The Youth '07: The Health and Wellbeing of Secondary School Students in New Zealand report showed that 33.1 per cent of school students had threatened physical violence while more than 6 per cent of students were bullied at least once a week.
Netsafe executive director Martin Cocker told the Weekend Herald the Casey Heynes incident reflected a tension people felt wanting children to be able to protect themselves but also a desire to see violence reduced entirely. "Most of us would say every young person has a right to be safe from bullying ... but when that system fails young people I don't think anyone begrudges them taking matters into their own hands."
We now live in a "networked public" where people are constantly connected to others, altering the bullying dynamic, he says.
Scores once settled in playground scraps are now recycled and amplified via cellphones and the internet so the vanquished can relive their humiliation over and over.
"When I was a child I went to school we had a bus ride that we made every morning to our secondary school and there was quite a lot of bullying on the bus. For us it was an unsafe zone but once you got to school or home you felt safe," he says.
"With cyber bullying ... you feel constantly unsafe; you feel constantly under the barrage of bullying because you don't have those safe refuges to go to - the psychological damage can be quite intense."
New Zealand Principal's Federation president Peter Simpson says students who film others being attacked are as big a part of the problem as bullies themselves.
"To me they are a perpetrator and just as much a problem as the kids who were fighting."
Simpson said banning cellphones at schools was "unrealistic".
He says there is no blanket cellphone policy for schools but what is in place works well with many students signing agreements for the responsible use of cellphones and computers.

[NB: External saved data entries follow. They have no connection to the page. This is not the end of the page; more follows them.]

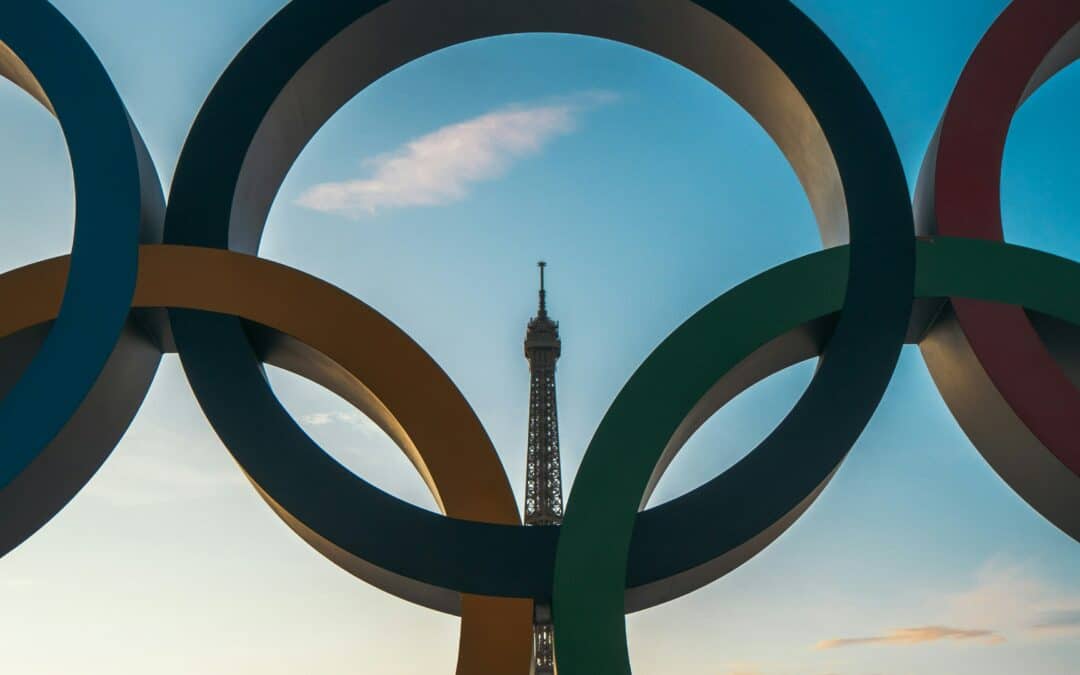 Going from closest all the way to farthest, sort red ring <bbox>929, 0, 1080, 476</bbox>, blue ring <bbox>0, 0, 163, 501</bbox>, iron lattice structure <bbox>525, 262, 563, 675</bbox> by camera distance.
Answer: blue ring <bbox>0, 0, 163, 501</bbox> → red ring <bbox>929, 0, 1080, 476</bbox> → iron lattice structure <bbox>525, 262, 563, 675</bbox>

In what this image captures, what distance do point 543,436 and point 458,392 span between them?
26.6 metres

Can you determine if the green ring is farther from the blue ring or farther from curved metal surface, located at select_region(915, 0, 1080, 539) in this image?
the blue ring

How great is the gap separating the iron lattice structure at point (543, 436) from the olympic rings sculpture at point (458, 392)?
2545cm

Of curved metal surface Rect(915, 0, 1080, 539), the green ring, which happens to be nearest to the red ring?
curved metal surface Rect(915, 0, 1080, 539)

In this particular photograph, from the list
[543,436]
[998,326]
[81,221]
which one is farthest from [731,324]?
[543,436]

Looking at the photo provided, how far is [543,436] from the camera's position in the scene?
37188mm

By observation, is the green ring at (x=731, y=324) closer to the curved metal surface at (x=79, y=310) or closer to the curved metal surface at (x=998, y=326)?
the curved metal surface at (x=998, y=326)

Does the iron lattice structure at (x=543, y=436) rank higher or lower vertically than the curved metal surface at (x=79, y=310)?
higher

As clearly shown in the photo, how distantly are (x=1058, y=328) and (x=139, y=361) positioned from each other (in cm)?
841

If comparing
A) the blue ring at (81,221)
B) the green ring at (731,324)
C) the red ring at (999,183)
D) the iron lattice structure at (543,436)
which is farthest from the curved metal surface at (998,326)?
the iron lattice structure at (543,436)

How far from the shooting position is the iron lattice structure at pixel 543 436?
121 feet

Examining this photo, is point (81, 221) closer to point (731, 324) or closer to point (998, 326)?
point (731, 324)

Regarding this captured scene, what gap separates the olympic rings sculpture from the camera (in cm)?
1014

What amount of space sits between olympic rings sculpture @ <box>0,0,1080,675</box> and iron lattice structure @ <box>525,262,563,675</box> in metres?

"How many times do you actually see it where it goes on a social networking website the way that one [in Sydney] has where it has created that much interest ?"
Meanwhile, Michaela Blaauw, who last year was sleeping in her parents' room and refused to leave the house alone, says she is loving her new school.
She plans to become a special needs teacher when she finishes.
Blaauw says she would stand up for those being bullied and report any incidents a lot sooner than she had in the past.
"I know what it feels like, so whenever I see it I try not to be a bystander."